Local Foodie Develops Cheesy Pasta Problem

Good Bite

BY ANDREW FABIAN SRQ DAILY FRESHLY SQUEEZED CONTENT EVERY MORNING TUESDAY AUG 4, 2020

The sauce, the sauce, the sauce. Savory, creamy, cheesy sauce. I want to eat it, use it as a moisturizer, a sleep aid, an aphrodisiac, a peace offering or an additive to a warm bath. I would pour it in my coffee, drizzle it on a mound of scrambled eggs or dip chips in it while binge-watching a series on television only to wake up in the middle of the night with crumbs and cheese sauce in my beard. I would quite literally ruin my life for this stuff, and Pazzo Southside would be happy to oblige. “This stuff is basically like crack,” jokes proprietor Vicky Calore (happy belated birthday, Boss Lady).

She is referring to the pasta dish listed only as Farfalle. The sparse description beneath the listing—prosciutto, peas, parmesan cream—belies the big problems this pasta can cause if consumed without supervision. Diced prosciutto and peas populate the empty spaces between the bowtie pasta, and the whole dish is practically drowning in the parmesan cream sauce, itself so decadent and full of flavor it should come with a warning label. The pasta, cooked perfectly al dente, is the only thing that keeps you from guzzling the sauce down on its own, though if you can muster any self-restraint, the leftover liquid gold is well suited to fare la scarpetta all the way to rehab.

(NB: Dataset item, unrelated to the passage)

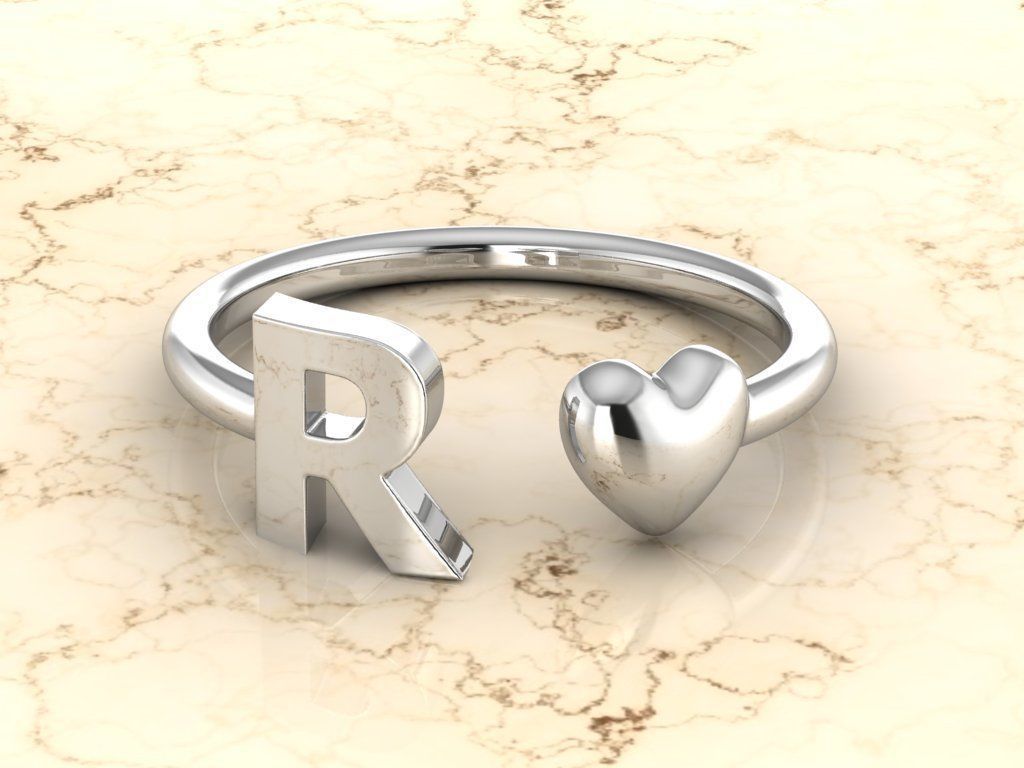 Alphabet Jewelry with Heart Ring  R 3D print model_6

My name is Andy and I have a cheesy pasta problem.

Pazzo Southside is open Monday through Thursday from 11:00am to 9:00pm, Friday from 11:00am to 10:00pm, and Saturday from 5:00pm to 10:00pm. Those nervous about dining in will be happy to know all Pazzo employees wear masks and that each table comes equipped with hand sanitizer. Otherwise, to-go orders can be placed via telephone or online.

Pazzo Southside, 1936 Hillview Street, www.pazzosouthside.com, 941-260-8831

Click here for more information.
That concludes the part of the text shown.